Não é apenas um visto, é a minha vida
"Na entrevista, eles foram duros. Perguntaram: 'você está realmente procurando refúgio? Eu tive que demonstrar que precisava ficar aqui para escapar da violência doméstica em casa. Tive que dar detalhes de tudo o que aconteceu. Comecei a chorar, e o policial estava apenas ouvindo, sem dizer nada. Depois que terminei, eles apenas disseram que estudariam meu caso e pronto. É doloroso, porque não é apenas um visto. É a minha vida! É algo em que você investe muita energia e dinheiro, porque está investindo em sua segurança.”
Eles não nos ouvem
"A Caritas dá uma carta em português para você levar à Polícia Federal. Você leva sem saber o que está escrito nessa carta, ou se é verdade ou não. Para as pessoas que não falam o idioma, é difícil. A polícia deveria ter alguém que falasse francês ou inglês na recepção, para poder ajudar. Em vez disso, as pessoas que trabalham lá nos tratam muito mal. Eles não nos ouvem, não nos dão atenção. Não nos ouvem, às vezes olham através de você como se não houvesse ninguém na frente delas. Os migrantes não são bem tratados pela Polícia Federal.
A falta de informação nos torna vulneráveis
"Quando você não tem informações e não fala português, você se torna dependente dos outros. Talvez você encontre outro migrante que possar ajudar, mas, mesmo assim, muitas vezes você tem de pagá-lo, pois é a maneira de ele ganhar dinheiro. Eles ajudam com formulários ou com a locomoção, mas às vezes os preços são muito altos. Já ouvi casos em que as pessoas pagaram até R$ 100 só para saber onde fica a delegacia da Polícia Federal!”

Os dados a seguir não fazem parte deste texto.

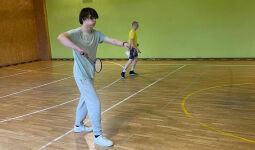 Badmintona sacensības jauniešiem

Me casei depois de sete anos de espera
"Às vezes, fazemos coisas que nunca pensamos em fazer só para conseguir a regularização. Solicitei asilo em 2014. Tentei renovar minha documentação provisória alguns anos depois, mas o CONARE [Comitê Nacional para Refugiados] rejeitou meu pedido. Duas pessoas diferentes da Caritas me disseram que eu teria que me casar ou ter um filho para conseguir o documento.

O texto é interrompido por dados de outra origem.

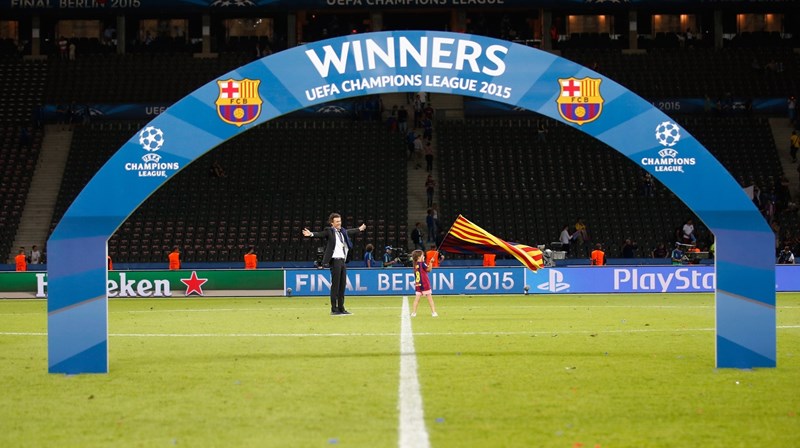 Ο Λουίς Ενρίκε παίζει με τη μικρή του κόρη Ξάνα στον τελικό του Τσάμπιονς Λιγκ το 2015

Um congolês me disse para procurar ajuda com os advogados da Missão Paz. Eles marcaram um horário para que eu fosse ao CONARE. Fiz duas entrevistas, uma em 2017 e outra em 2018. No final de 2021, o CONARE me enviou um e-mail dizendo que meu pedido havia sido aceito, mas naquele momento eu não precisava mais dele. Depois de sete anos de espera, finalmente decidi me casar. Eu já tinha conseguido minha documentação dessa forma.”

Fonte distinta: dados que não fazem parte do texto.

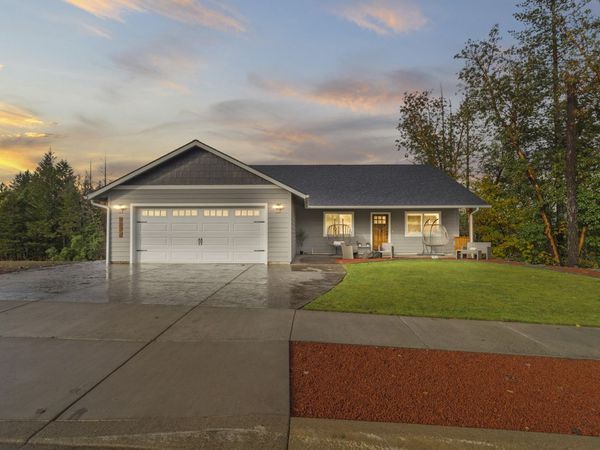1272 Green Valley Drive, Cave Junction, OR 97523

Para acompanhar essa série, a Missão Paz também produziu um guia de apoio jurídico para migrantes no Brasil. O guia oferece conselhos úteis sobre uma série de questões – desde os direitos e estatuto de migração até como lidar com a xenofobia, o racismo e os crimes de ódio – bem como os contatos dos serviços de apoio aos migrantes no país.